E, a tudo isso poderíamos acrescentar:
d) que hoje em dia o dinheiro também é invisível, como Deus, apesar de seu poder e onipresença. Resumindo: se o dinheiro é o último ponto de referência, também se pode falar dele como “o ser necessário” (clássico termo metafísico para designar a Deus).
2 – Tudo isso coloca em destaque a não neutralidade do dinheiro, que já não é um mero instrumento prático de intercâmbio, como querem os teóricos neoliberais. Também levanta uma questão muito séria em relação à legitimidade do empréstimo a juros, cuja história tem três etapas:
a) Tanto na Bíblia quando no mundo Greco-romano era considerado imoral: Aristóteles qualificava a usura como o mais baixo dos vícios, comparando-a ao proxenetismo que aproveita a necessidade do outro para o enriquecimento próprio. Ao pedir emprestado um quilo de batatas não é justo que obriguem a me devolver um quilo e meio. Por que haveria de ser lícito se peço dinheiro ao invés de batatas?

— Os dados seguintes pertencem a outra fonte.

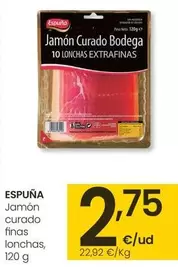 Oferta de Espuña - Jamón Curado Finas Lonchas por 2,75€ en Eroski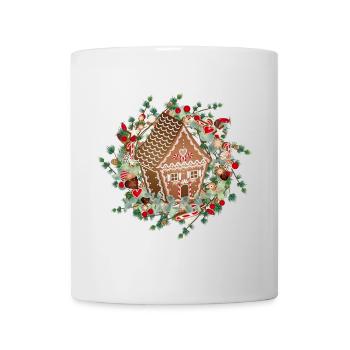 Maison en pain d’épices en couronne de mélèze pour Noël - Mug blanc - blanc - Devant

b) No alvorecer do capitalismo, o dinheiro torna-se uma oportunidade para criar riqueza: se te empresto um dinheiro evito de comprar com ele um campo onde poderia cultivar, ou montar uma pequena indústria. Nesse sentido, o empréstimo me priva de um benefício e parece legítimo que, ao devolvê-lo, me dê alguma compensação pelo lucro perdido.
c) Com a economia especulativa financeira, a coisa volta a mudar: o dinheiro já não é uma oportunidade para que eu crie, mas ele mesmo é fecundo: com menos riscos e com porcentagens de lucros mais altas. Isso pode ser uma grande mentira, mas “funciona” até que se instale a crise. Pois bem: assim como, no início do primeiro capitalismo não se viu que o empréstimo a juros mudaria de modo significado, de forma que continuaram o proibindo; agora nem se vê que, no capitalismo financeiro, os juros voltam a mudar de significado, e continua-se o permitindo. Segundo a tese de Benjamin sobre o capitalismo como religião de culpa, agora o juros se relacionam com o empréstimo, o que é a penitência em relação à culpa.
Deixemos esse problema para o futuro e voltemos a Keynes. Do que foi dito anteriormente deduz-se que o nosso sistema tem dois grandes efeitos: é incapaz de criar emprego e reparte injustamente a riqueza e os lucros. Dois efeitos ou duas desautorizações totais?
4 – Tudo o que foi dito anteriormente nada foi percebido com tanta clareza como o fez Lutero, quando já havia amanhecido o capitalismo. Acreditar em Deus é confiar Nele, mas nós temos substituído a confiança pelo culto: confiamos nosso futuro ao dinheiro, e a Deus fazemos procissões e templos que “não chegam até o céu”. Por isso, em seu Grande Catecismo, Lutero trata do dinheiro ao comentar não o sétimo mandamento, mas o primeiro: porque o dinheiro é “o ídolo mais comum na terra”.
Segundo Lutero, a comunidade cristã deveria ser um âmbito onde não regeriam as leis da economia monetária. Os cristãos deveriam se manifestar ao Deus verdadeiro com sua conduta em questões econômicas. Por isso acrescenta: “sempre disse que os cristãos são pessoas raras na terra”. Contudo essa raridade permite compreender que a frase de Jesus (“não podeis servir a Deus e ao dinheiro”) tem uma tradução leiga bem clara: não podeis servir ao homem e ao dinheiro.